- RECORDS PROVIDED:
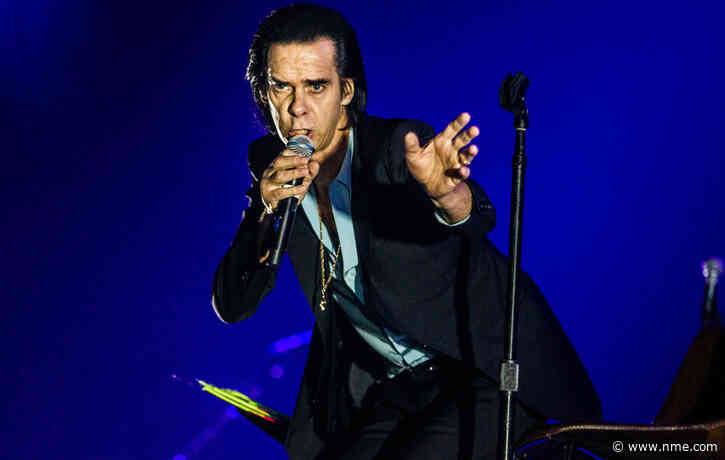 Nick Cave says he wouldn’t have survived heroin addiction without Narcotics Anonymous: “Go to a fucking meeting”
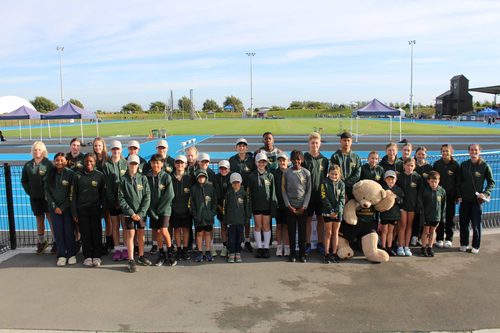 2024 Canterbury Champs photo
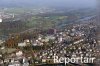 Luftaufnahme SPITAELER KLINIKEN/Kantonsspital Luzern - Foto Luzern Kantonsspital 1700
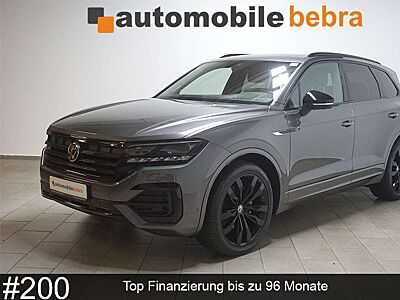 Volkswagen Touareg 3.0TDI Tiptr. 2xR-Line 4M Virtual VOLL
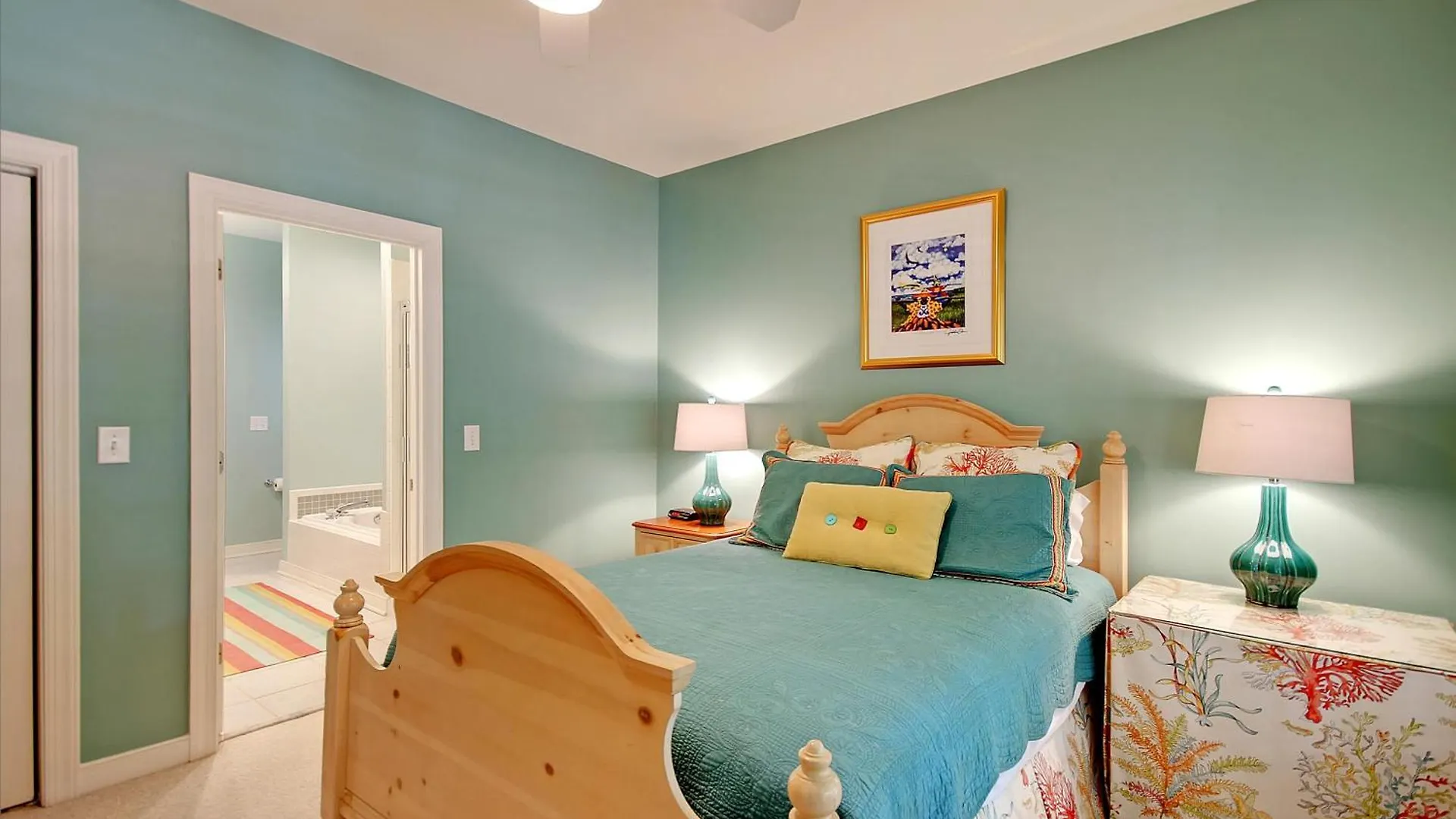 2 Ocean Holiday home Kiawah Island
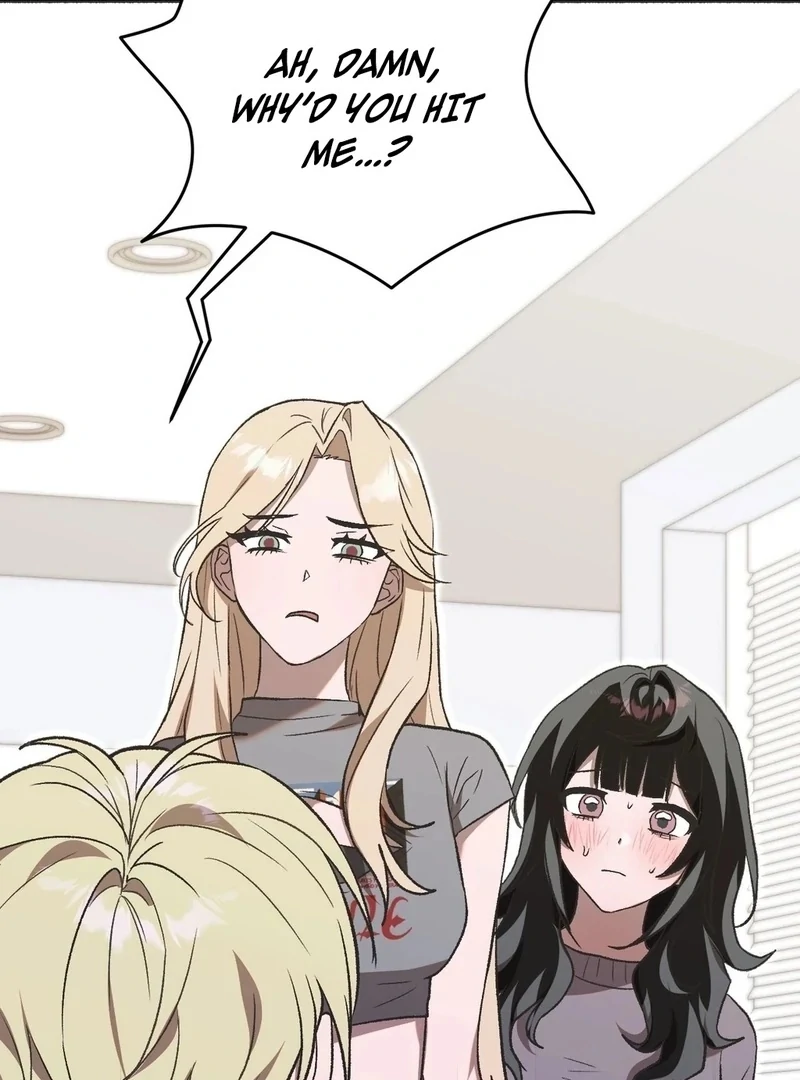Just Hold My Hand 92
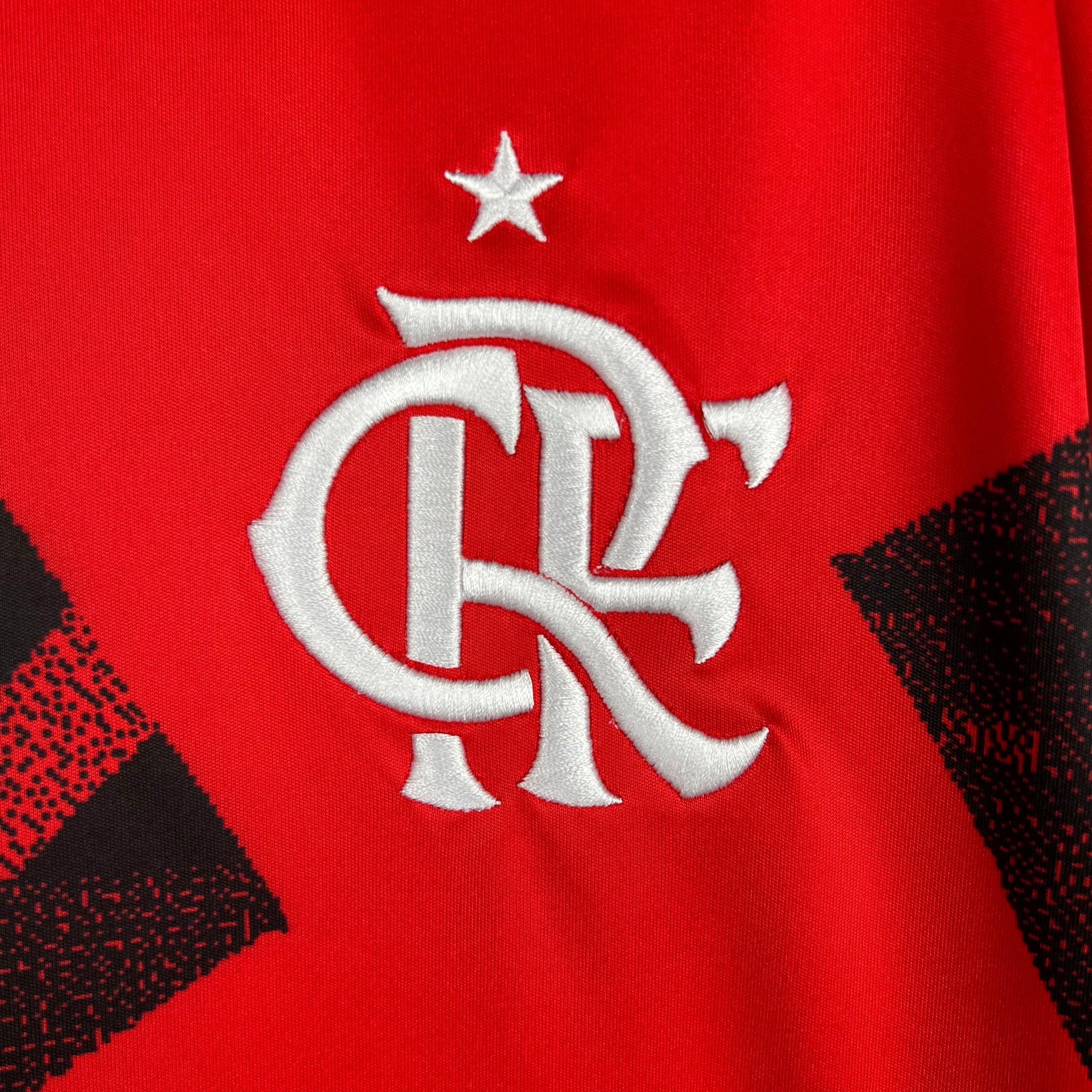 Flamengo Calientation I 23/24 Adam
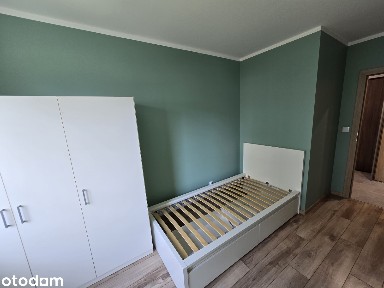 ul. Karpia, Naramowice, Stare Miasto, Poznań, wielkopolskie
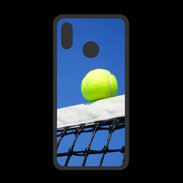 Coque  Huawei P20 Lite PREMIUM Filet de tennis 2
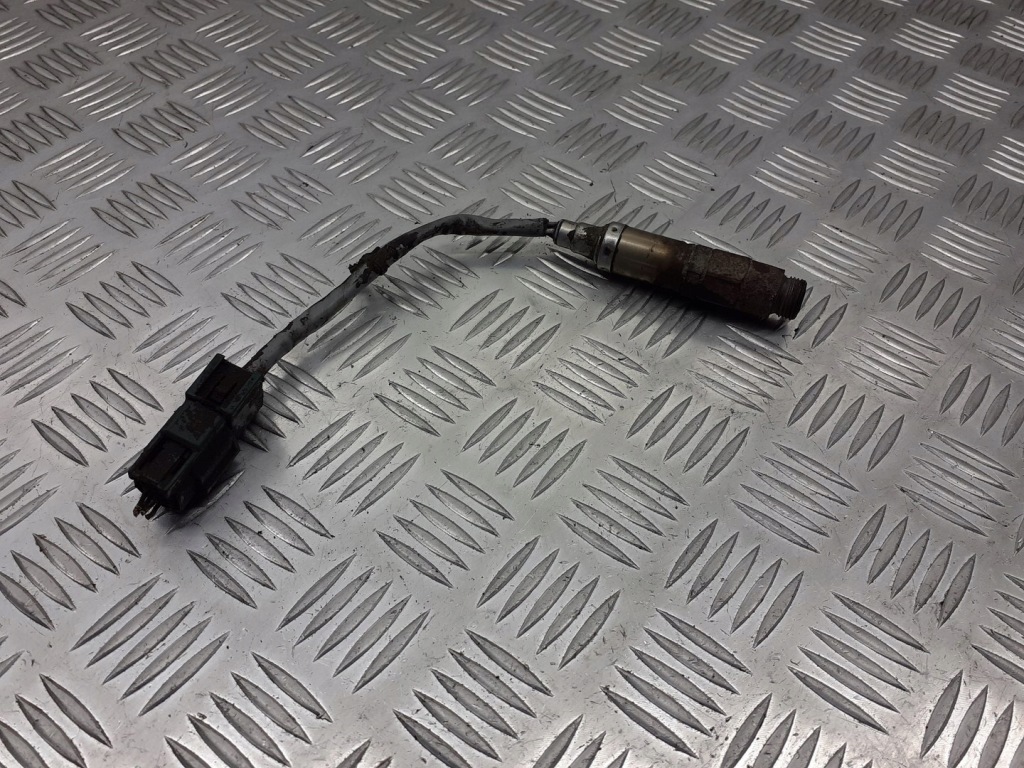 фото №1, Датчик лямбда-зонд nissan micra k12 1.4 0258005307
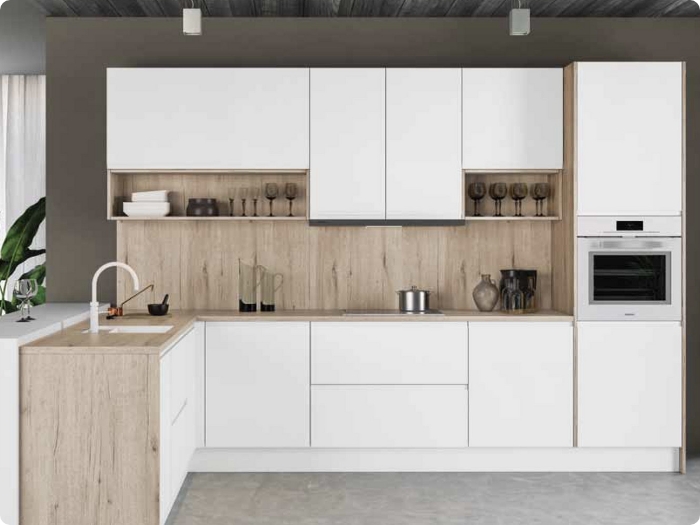 Atelier Ouest Pose De Cuisine Boulogne Billancourt NOS MODELES EXPOSES SONT SPECIALEMENT CONCUS POUR VOUS SEDUIRE 1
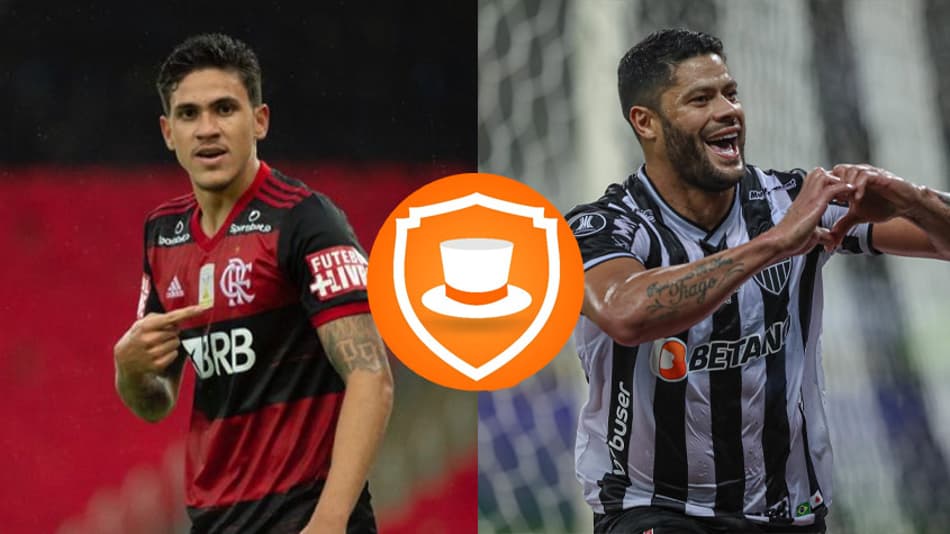 Veja cinco dicas por posição para a 24ª rodada do Brasileirão no Cartola FC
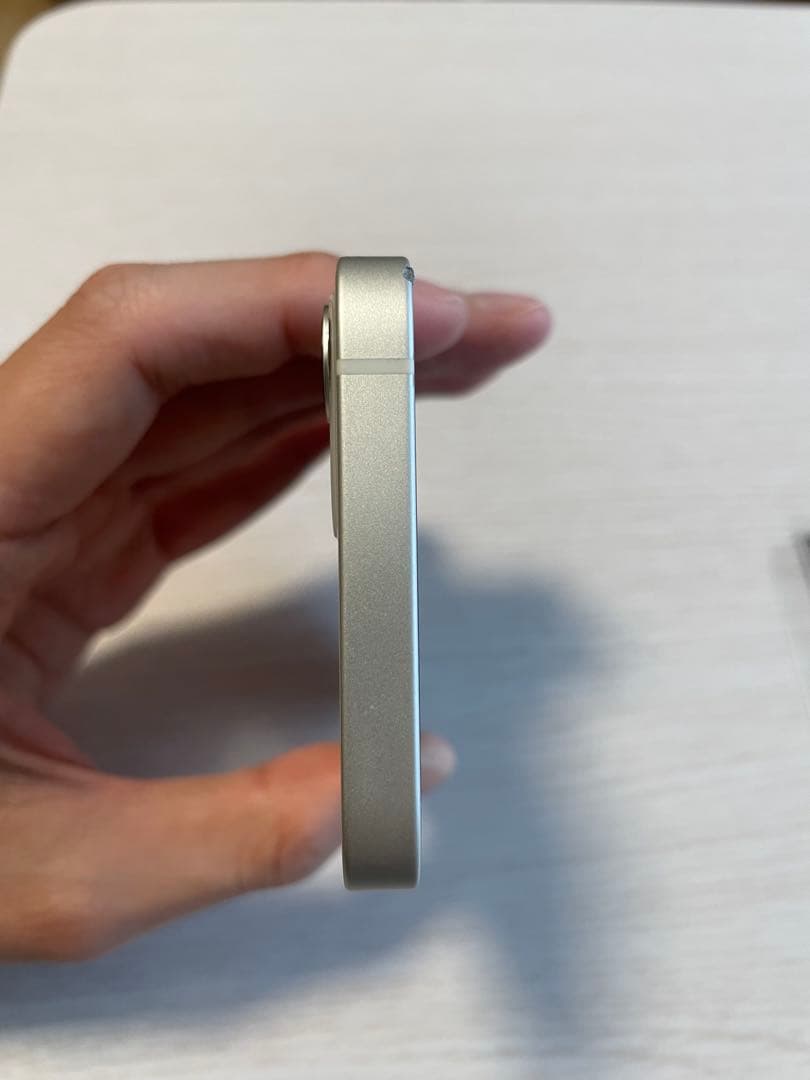 Apple iPhone 12 mini 256GB ホワイト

- WORK INSTRUCTIONS:
Omit the pictures and reproduce the listing exactly.

- EXERCISE ANSWER:
 Nick Cave says he wouldn’t have survived heroin addiction without Narcotics Anonymous: “Go to a fucking meeting”
 2024 Canterbury Champs photo
 Luftaufnahme SPITAELER KLINIKEN/Kantonsspital Luzern - Foto Luzern Kantonsspital 1700
 Volkswagen Touareg 3.0TDI Tiptr. 2xR-Line 4M Virtual VOLL
 2 Ocean Holiday home Kiawah Island
Just Hold My Hand 92
 Flamengo Calientation I 23/24 Adam
 ul. Karpia, Naramowice, Stare Miasto, Poznań, wielkopolskie
 Coque  Huawei P20 Lite PREMIUM Filet de tennis 2
 фото №1, Датчик лямбда-зонд nissan micra k12 1.4 0258005307
 Atelier Ouest Pose De Cuisine Boulogne Billancourt NOS MODELES EXPOSES SONT SPECIALEMENT CONCUS POUR VOUS SEDUIRE 1
 Veja cinco dicas por posição para a 24ª rodada do Brasileirão no Cartola FC
 Apple iPhone 12 mini 256GB ホワイト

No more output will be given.